"If we don't know how to be alone, we will only know how to be lonely." I was recently caught off guard by this phrase and I wrote it down so I could go back and think about it further. It's memorably worded, and it glimmers of truth. I can see how that may accurately describe a problem facing many in our world. Originally I was going to write this post in praise of the quote and spend time marveling in its wisdom. However I began see two main problems with this philosophy, and that is now my focus.
Firstly, it feeds into our Western ideals of individualism. "Every man for himself", "you can do anything", and the like. We have idolized this idea of making it on your own. Sure you can be well connected, or well married or well-liked, but don't allow those relationships to define you. It should be your individualism that defines you. Dependence on others is regarded as weakness, and I will be the first to admit that I buy into this idea wholeheartedly. But with the West full of individuals struggling to reconcile their friendships, marriages, families and even work relationships with the ever-praised ideal of independence, we have also created another epidemic. The epidemic of loneliness. You can not fully connected to a community and fully independent at the same time.
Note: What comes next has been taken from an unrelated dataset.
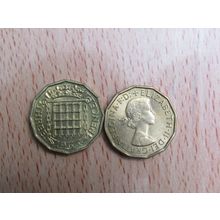GB 1963 Elizabeth II Brass Threepence 3d Coin High Grade AU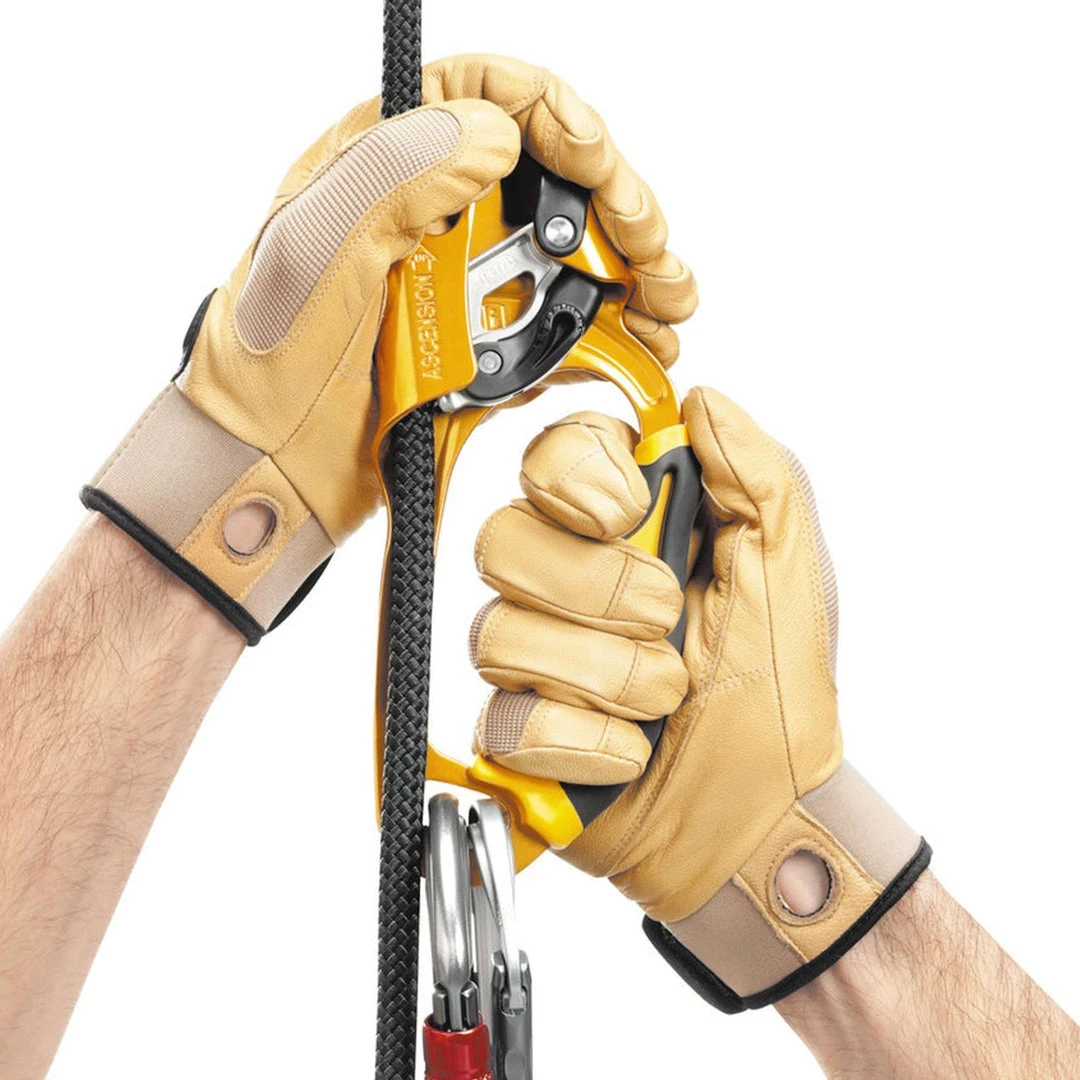 PETZL ASCENSION BLACK | Ergonomic Handled Ascender, Right / Left Hand PETZL ASCENSION BLACK | Ergonomic Handled Ascender, Right / Left Hand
Perhaps the words of wisdom above speak to the fact that none of these people know how to handle being alone in the correct way and thus are burdened with loneliness? Perhaps. Or perhaps loneliness was a condition that had to first be acknowledged and accepted before a person could truly create aloneness for themselves.
Loneliness, first a passing acquaintance, now a constant companion who will never stand you up.
The second problem I surmise is that there are also those who know only how to be alone. Those who have looked loneliness in the face and refused to be consumed by it, and yet would be liars to call themselves anywhere near immune to it. And these people would sooner say the opposite statement, that it is the inability to be with others that makes them lonely. In other words, "If we do not know how to be in relationship, we will only know how to be lonely." Significantly less poetic, significantly less Western, significantly more basic. I would argue that our relationships do define us. Our love defines us. I cannot believe that our individual traits and talents are meant for our own personal gain. I think it much more likely that I have become a coward in my personalized cave, chosen to have a tea party with loneliness disguised as independence, disguised as strength and maturity disguised as pride.
Therefore I will not disagree with the quote, but simply say that loneliness had seeped its way into the inner circles of our culture, and there's more than one way to gain a deep personal knowledge of it.